Algo irrompe da rua e se choca com a magia protetora, jogando bola energética para o alto - com Michiko e Poika dentro, numa parábola que a moça interrompe assim que se recobra da surpresa. Era um ser do tamanho de uma van, com um corpo cilíndrico verde varejeira, circundado de anéis que faziam o forte barulho de insetos voadores. Em sua extremidade mais alta, ostentava uma cabeça humanoide, com dois exagerados olhos vermelhos, cercada por uma comprida juba dourada. Sobre a cabeça havia uma espécie de coroa formada de moscas, flutuando.

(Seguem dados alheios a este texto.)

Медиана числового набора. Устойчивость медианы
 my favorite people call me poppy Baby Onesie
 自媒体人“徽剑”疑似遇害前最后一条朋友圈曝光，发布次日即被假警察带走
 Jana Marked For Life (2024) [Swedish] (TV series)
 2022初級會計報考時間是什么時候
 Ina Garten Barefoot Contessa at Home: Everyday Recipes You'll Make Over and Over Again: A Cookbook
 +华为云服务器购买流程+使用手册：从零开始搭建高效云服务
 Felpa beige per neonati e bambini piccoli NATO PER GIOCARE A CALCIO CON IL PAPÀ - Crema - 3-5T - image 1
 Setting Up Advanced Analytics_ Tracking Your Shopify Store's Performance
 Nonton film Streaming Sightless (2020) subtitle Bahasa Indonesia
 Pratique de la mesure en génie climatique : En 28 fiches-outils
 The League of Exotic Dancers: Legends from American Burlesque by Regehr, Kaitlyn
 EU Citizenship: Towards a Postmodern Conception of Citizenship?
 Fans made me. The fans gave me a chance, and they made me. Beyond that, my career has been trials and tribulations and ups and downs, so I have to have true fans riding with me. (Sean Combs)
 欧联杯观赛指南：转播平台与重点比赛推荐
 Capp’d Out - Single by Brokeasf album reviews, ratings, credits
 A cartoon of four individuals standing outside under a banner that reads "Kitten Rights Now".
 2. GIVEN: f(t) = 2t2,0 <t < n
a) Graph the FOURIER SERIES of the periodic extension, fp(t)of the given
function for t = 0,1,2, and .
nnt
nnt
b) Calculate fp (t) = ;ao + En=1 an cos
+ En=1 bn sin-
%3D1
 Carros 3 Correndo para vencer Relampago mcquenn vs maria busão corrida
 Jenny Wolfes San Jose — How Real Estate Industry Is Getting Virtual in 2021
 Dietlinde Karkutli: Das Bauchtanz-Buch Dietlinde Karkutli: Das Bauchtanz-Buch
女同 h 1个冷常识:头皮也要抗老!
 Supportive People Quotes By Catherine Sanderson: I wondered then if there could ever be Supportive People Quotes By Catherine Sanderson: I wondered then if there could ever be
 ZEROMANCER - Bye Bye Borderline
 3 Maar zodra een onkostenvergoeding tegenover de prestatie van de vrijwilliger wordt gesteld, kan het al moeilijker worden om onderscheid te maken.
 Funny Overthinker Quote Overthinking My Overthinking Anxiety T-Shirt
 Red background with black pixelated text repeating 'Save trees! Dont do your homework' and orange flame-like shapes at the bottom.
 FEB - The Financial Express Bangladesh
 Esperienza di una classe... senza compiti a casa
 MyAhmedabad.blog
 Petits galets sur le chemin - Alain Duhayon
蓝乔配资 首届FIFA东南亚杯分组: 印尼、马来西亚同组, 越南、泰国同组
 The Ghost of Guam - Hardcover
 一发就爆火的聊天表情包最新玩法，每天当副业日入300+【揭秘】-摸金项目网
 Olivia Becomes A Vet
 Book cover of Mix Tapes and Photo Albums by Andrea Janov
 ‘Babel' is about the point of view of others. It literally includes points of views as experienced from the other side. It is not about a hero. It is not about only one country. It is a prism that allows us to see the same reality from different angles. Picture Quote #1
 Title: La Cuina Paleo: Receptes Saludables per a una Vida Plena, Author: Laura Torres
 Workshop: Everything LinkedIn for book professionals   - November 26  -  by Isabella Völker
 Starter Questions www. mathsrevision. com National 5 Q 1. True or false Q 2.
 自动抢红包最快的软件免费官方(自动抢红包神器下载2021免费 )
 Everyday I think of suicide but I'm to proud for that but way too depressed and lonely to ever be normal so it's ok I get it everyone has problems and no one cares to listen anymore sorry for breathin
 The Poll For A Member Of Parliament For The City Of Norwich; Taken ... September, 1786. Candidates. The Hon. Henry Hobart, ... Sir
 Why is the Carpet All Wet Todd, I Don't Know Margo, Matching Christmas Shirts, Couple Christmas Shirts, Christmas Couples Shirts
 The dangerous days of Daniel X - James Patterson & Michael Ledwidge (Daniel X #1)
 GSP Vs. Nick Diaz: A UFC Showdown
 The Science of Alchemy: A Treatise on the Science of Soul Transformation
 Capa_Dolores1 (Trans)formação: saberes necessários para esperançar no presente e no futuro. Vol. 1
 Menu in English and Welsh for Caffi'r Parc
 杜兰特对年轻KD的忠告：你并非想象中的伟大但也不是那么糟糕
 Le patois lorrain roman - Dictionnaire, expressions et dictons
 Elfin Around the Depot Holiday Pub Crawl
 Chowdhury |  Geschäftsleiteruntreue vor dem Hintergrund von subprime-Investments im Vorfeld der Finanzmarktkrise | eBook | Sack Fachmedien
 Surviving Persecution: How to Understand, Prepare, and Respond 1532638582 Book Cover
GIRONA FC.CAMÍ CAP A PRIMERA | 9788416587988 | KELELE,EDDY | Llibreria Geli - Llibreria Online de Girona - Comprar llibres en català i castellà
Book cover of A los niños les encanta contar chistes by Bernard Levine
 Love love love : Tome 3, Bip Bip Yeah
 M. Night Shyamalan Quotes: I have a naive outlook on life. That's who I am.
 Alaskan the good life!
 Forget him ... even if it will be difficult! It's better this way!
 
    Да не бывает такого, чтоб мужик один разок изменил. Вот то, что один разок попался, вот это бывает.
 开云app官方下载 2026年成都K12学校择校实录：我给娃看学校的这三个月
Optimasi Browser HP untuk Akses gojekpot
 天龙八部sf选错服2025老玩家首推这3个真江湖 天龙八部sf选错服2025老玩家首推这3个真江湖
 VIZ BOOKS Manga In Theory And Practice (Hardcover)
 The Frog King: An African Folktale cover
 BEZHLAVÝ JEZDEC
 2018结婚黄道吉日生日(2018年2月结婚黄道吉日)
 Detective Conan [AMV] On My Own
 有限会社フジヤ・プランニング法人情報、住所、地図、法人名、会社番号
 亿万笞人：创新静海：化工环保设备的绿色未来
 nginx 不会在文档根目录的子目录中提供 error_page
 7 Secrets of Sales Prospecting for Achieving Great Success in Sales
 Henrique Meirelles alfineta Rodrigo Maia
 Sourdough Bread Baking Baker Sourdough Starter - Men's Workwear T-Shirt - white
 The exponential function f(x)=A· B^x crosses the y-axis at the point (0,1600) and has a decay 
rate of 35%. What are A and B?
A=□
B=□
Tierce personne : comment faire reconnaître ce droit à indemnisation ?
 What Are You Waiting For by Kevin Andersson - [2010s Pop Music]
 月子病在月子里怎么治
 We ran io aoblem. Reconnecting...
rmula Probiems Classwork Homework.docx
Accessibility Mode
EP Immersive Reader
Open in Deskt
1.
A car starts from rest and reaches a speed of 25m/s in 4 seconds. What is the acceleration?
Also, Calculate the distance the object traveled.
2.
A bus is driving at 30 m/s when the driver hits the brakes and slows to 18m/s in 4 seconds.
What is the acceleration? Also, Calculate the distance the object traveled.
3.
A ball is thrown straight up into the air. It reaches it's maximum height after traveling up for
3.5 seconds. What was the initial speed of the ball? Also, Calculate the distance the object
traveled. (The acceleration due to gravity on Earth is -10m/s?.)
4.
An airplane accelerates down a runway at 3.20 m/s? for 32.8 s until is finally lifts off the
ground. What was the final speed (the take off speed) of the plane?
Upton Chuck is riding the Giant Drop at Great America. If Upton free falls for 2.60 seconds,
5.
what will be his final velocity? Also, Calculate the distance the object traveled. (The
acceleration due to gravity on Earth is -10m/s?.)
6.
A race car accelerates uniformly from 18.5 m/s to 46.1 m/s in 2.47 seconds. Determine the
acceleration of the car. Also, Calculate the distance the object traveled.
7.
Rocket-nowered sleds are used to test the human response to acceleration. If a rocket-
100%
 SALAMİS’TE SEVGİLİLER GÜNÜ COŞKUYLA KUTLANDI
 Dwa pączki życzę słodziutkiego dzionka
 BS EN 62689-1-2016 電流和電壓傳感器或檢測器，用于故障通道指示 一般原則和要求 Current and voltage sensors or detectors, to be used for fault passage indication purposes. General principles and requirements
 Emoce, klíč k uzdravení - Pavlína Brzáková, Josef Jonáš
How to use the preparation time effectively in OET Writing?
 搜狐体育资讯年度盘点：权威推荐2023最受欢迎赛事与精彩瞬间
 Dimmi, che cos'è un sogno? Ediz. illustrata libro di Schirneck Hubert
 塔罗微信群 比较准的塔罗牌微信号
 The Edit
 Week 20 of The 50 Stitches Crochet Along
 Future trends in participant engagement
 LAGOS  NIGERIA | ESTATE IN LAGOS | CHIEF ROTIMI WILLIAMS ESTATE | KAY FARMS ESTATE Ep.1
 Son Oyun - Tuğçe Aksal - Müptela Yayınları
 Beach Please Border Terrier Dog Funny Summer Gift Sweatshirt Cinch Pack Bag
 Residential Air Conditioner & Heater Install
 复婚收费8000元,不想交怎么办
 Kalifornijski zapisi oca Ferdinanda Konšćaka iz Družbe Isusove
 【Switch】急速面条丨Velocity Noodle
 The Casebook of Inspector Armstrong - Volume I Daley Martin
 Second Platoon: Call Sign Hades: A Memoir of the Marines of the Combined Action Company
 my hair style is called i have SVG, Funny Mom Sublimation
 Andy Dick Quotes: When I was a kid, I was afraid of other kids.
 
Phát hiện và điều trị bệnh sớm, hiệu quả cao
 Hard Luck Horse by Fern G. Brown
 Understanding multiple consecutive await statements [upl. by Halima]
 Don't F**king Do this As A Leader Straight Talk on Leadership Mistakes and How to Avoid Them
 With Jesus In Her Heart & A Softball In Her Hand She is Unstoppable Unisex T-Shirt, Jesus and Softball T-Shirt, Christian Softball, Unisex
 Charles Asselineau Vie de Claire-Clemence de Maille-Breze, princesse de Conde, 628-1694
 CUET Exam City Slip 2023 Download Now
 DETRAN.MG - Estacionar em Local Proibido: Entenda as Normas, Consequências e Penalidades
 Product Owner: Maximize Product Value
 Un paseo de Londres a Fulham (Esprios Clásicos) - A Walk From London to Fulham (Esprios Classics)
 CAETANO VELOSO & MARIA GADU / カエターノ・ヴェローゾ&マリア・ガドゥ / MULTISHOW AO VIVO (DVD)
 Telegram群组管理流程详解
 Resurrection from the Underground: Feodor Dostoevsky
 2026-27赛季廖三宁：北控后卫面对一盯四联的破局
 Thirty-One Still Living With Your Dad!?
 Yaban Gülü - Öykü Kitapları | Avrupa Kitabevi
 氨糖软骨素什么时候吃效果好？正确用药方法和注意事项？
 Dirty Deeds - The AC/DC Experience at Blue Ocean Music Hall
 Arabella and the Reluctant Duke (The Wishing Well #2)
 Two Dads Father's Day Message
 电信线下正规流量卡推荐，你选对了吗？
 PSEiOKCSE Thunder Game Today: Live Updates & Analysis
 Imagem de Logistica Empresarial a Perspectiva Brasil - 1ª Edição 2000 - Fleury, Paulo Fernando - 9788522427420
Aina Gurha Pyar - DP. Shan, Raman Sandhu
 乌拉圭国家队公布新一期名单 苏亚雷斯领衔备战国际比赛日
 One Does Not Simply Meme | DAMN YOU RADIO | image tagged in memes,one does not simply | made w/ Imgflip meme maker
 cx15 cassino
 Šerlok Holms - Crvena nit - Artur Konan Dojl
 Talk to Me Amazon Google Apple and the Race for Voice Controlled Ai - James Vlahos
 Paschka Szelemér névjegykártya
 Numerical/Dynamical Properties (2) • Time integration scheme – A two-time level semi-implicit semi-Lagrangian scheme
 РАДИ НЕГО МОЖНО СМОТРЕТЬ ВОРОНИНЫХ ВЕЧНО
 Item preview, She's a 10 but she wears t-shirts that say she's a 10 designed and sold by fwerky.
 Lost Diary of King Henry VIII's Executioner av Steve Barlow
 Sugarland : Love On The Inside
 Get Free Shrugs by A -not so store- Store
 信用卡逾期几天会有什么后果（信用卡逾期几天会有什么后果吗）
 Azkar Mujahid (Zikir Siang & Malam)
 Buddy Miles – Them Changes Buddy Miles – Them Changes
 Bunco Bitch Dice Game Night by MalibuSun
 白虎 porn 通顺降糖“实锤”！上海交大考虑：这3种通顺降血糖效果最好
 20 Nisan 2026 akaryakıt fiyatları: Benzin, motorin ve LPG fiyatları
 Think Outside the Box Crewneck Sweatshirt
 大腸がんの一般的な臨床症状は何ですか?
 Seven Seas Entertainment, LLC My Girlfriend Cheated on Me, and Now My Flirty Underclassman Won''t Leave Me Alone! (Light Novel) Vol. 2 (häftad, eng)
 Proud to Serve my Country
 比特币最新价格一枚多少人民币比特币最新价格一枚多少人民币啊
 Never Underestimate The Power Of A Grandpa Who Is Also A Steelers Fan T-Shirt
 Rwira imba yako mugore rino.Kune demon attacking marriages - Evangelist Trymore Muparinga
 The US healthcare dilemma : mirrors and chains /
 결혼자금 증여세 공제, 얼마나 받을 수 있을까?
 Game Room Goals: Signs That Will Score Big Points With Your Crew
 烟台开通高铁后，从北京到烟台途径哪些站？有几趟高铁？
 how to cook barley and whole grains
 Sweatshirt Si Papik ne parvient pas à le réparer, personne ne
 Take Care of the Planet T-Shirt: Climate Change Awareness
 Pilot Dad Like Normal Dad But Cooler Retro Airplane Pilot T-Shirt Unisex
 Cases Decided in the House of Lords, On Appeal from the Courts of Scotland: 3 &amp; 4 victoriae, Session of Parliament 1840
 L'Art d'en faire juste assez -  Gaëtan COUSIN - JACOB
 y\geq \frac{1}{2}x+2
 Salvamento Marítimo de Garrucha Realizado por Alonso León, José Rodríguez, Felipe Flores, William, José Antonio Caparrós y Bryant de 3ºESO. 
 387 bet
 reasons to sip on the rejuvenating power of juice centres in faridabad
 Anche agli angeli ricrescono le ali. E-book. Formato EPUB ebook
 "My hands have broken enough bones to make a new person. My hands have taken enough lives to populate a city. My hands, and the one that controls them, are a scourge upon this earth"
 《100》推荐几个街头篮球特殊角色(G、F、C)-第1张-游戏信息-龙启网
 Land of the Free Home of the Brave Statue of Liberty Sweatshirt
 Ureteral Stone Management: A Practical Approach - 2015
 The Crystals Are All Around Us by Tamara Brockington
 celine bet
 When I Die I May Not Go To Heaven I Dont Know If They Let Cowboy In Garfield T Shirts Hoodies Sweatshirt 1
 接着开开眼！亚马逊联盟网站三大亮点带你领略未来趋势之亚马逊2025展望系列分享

Na outra ponta do corpo, uma cauda escorpioide balançava, impaciente por uma vítima. Não haviam pernas, o monstro se sustentava no ar pelo poder de sua própria monstruosidade e dali avançou para onde a dupla estava.
Bong!!
- Ai!!
- Reage, Michiko!
- Faz você então! - disse brava, mas apenas por dizer.
Mal pensou nela mesma descendo ao solo e Coração Ígneo brilhou fracamente. Não entendia direito a sua relação com a joia - agora na ponta do bastão - mas imediatamente seu corpo suspenso no ar fez um movimento em forma de arco em torno da ameaça e se pôs gentilmente de volta ao chão. Apontou o cajado para o louva-a-deus do mal e pôs toda sua voz num "READIR!!".
Como antes, uma pesada esfera de luz cai do cristal, e Michiko assiste ela correr o chão até abaixo do bicho feio, e se jogar para o alto para capturar a vítima... mas sua magia é rebatida pelo ferrão da criatura, explodindo em letrinhas catódicas ao chocar-se em um muro. A besta se move e antes do último carácter luminoso se apagar no ar, se choca com a calçada e se põe cara a cara com Michiko. Ela vê o oponente abrir a boca e revelar seus dentes, fileiras de agulhas ósseas, esguichando ocasionais jatos de veneno.
A mini-capivara continua:
- É, eu... eu não vou conseguir sozinho. Achava que ia ser mais fácil... e você parece ter mais poder do que o necessário!
- Oi, eles quase me devoraram! Você entende? E quase fui esmagada por gafanhotos e também teve... eeei!! - sem dificuldades, Poika se põe em duas patas traseiras, move rapidamente as dianteiras para trás, do lado direito e as joga para a frente: uma bola de flamas rubras surge por entre suas palmas - o que você está fazendo??
- Usando magia pra mudar tuas ideias. BRASIL!!
E Michiko é atingida pelo fogo.
Ela dá um berro e, instintivamente, empurra o monstro esmeralda e acaba se lançando pra trás. E seu pensamento aparece por escrito no livro que sempre flutua ao seu lado:
"Por que eu aceitei essa tarefa mesmo?"